Assim, e por várias outras razões, os cidadãos se sentem abandonados por esses partidos políticos que não respondem ou não propõem alternativas básicas, reais, concretas, assimiláveis, às sociedades que naufragam em uma violenta crise econômica, social. Quer dizer, não os representam.

Porém, afirma Mark, não existe antes em política, só o depois. O que nós estamos vendo nos Estados Unidos, nos levantes populares na França, na Itália, no crescimento parlamentar do grupo VOX na Espanha, na recente eleição no Brasil, Grã Bretanha, e tudo indica, vem muito mais por aí, são imensas revoltas sociais contra as consequências das políticas da globalização financeira, a miséria crescente, a insegurança brutal com o amanhã, a criminalidade crescente, o desemprego, a desesperança. Enfim, é o copo de cólera transbordando.

Ou as forças políticas lúcidas substituem a linha das políticas indentitárias como eixo central programático, oficial ou oficioso, ou as sociedades vão abraçar “as verdades, meias verdades, mentiras, invencionices, teorias da conspiração, o caldo tóxico que atrai os crédulos, os indignados”. E os “perigosos” vão liderar os clamores das sociedades.

De nada adianta afirmar, como no Brasil, que os “obscurantistas”, os “conservadores” estão vencendo, diria o Conselheiro Acácio, porque há uma onda de “direita” no mundo. Ou mais grave “o povo não sabe votar”, “é atrasado e conservador”. Isso é errático, uma fuga da realidade. E o que é pior, de nada adianta.

“Eles” estão crescendo porque estão dizendo “suas verdades, meias verdades, mentiras, invencionices, teorias da conspiração” e falando à alma, o coração das sociedades.

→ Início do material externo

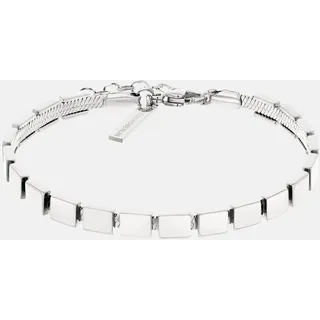 Liebeskind Berlin Armband aus Edelstahl silber 21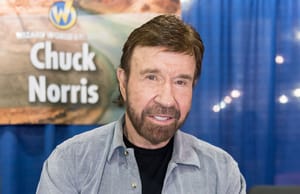 chuck norris sues sony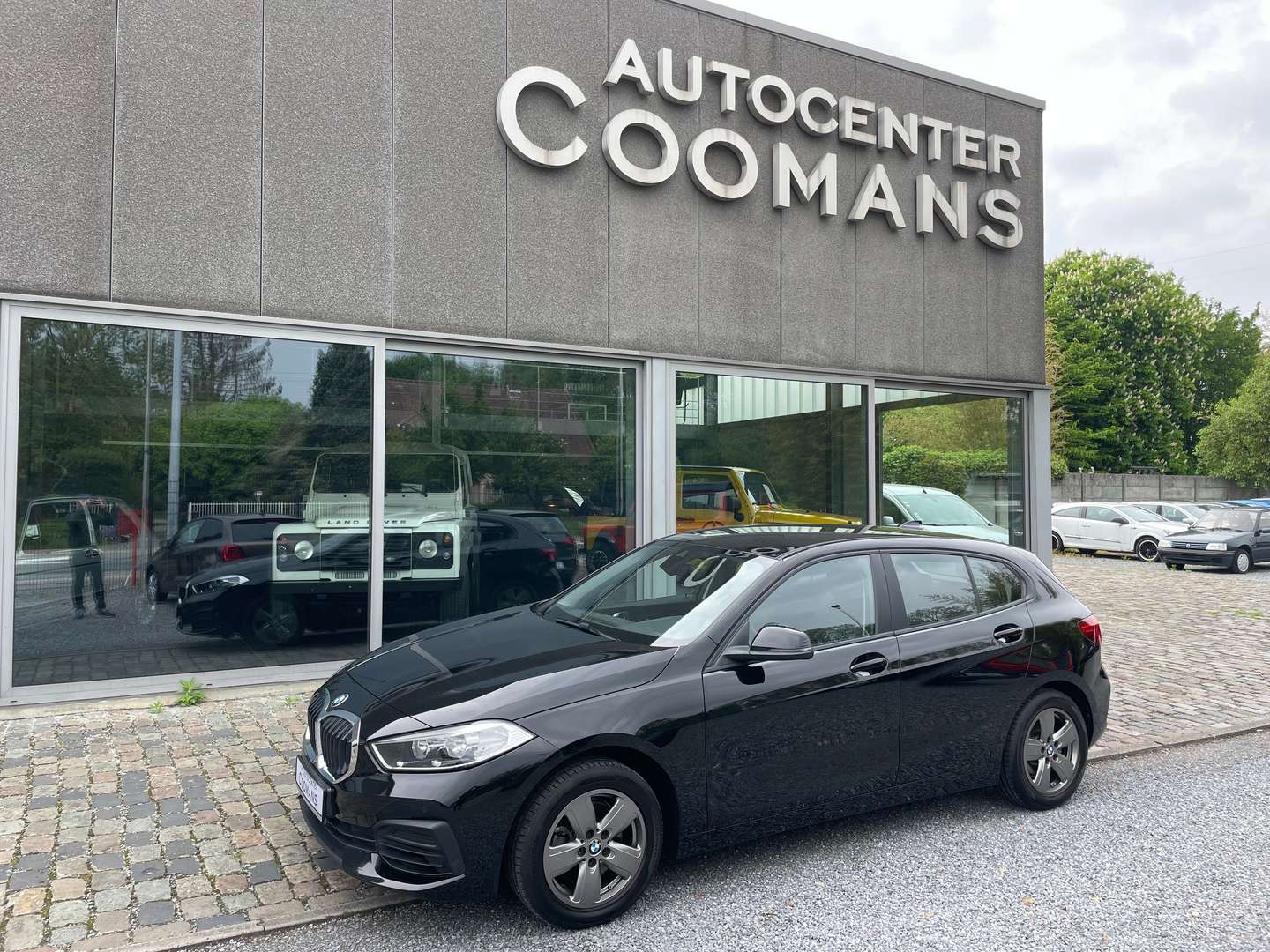 BMW Série 1 118i - 2020 - Joinsteer - #1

Enquanto os demais se “refugiam nas cavernas das suas autossatisfações das políticas identitárias” proclamando-se “moralmente superiores”, isolando-se das sociedades que clamam por soluções urgentes e abrangentes.

É pertinente acreditar firmemente na capacidade de unir as amplas maiorias em torno do bem comum, das grandes soluções sociais, inclusas todas as minorias, na defesa dos interesses nacionais, no desenvolvimento que abrigue as aspirações da sociedade, na defesa da nação, da sua identidade cultural, na convivência entre os povos.

Mas para isso é fundamental a vontade crítica de reunir um conjunto de propostas que unifique o espírito coletivo, individual, que atinja os corações e as mentes das sociedades e, em nosso caso, do povo brasileiro.